Empirica's latest index report concludes that, in 124 of the 402 German municipalities surveyed, the threat of a house price bubble is indeed high, rising from 110 in 3Q15 and from only 33 three years ago. In 199 municipalities, rents and purchase prices rose in 4Q15, up from 189 the previous quarter and 99 in 2012. It registered excessive new construction volumes only in 14 municipalities.

Despite the rapid rise of house and apartment prices in Germany's Big Seven cities, empirica says there is still little danger of price overheating. Although traditional measures of annual multiples and price/household income ratios have shown big leaps, these are countered by rising construction activity, while such cities can generally command a premium on general attractiveness and job-market grounds.
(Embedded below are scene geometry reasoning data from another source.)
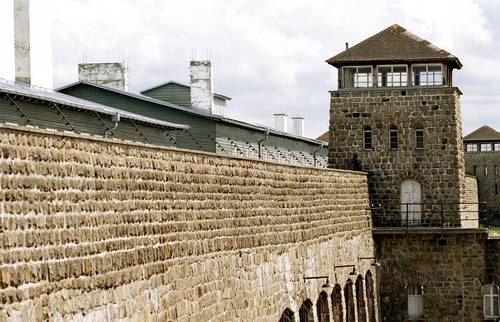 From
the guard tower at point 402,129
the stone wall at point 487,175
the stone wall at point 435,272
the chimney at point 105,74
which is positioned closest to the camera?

Empirica does raise its red flag for a number of named cities, such as Bayreuth, Landshut, Regensburg, Trier, Weiden/Oberpfalz and Coburg. Although swollen by growing numbers of enrolled students, they are unlikely to sustainably be able to hold on to all their graduates, and may not be able to justify their high multiples, price-earnings ratios, and level of completions, say the researchers.

Separately, a new market analysis published by Commerzbank, Germany's second biggest bank, is more critical of the level of house price rises particularly in Germany's biggest cities, where it identifies signs of overheating. However, it sees the trend of rising prices continuing through 2016, despite warning signs.

The Commerzbank study says that house prices rose in Germany last year by nearly 5%. In Hamburg, Cologne and Munich apartment and house prices rose by 10%, while Frankfurt and Berlin saw rises of 13% over the previous year.

Housing prices over the last five years have now risen noticeably faster than rents and incomes – in the case of incomes, house prices have risen nearly a third faster than household income, which Marco Wagner, the author of the Commerzbank study says is, "without question, even without a historical comparison, a property market that's showing clear signs of overstepping itself in the major cities." An example is Munich, where last year households were paying 7.6 times their annual average income for a normal 80 sqm apartment.

Commerzbank points to data from the Bundesbank showing that provision of mortgage credit has risen 4% over the past year, outstripping private household income, which rose 3%.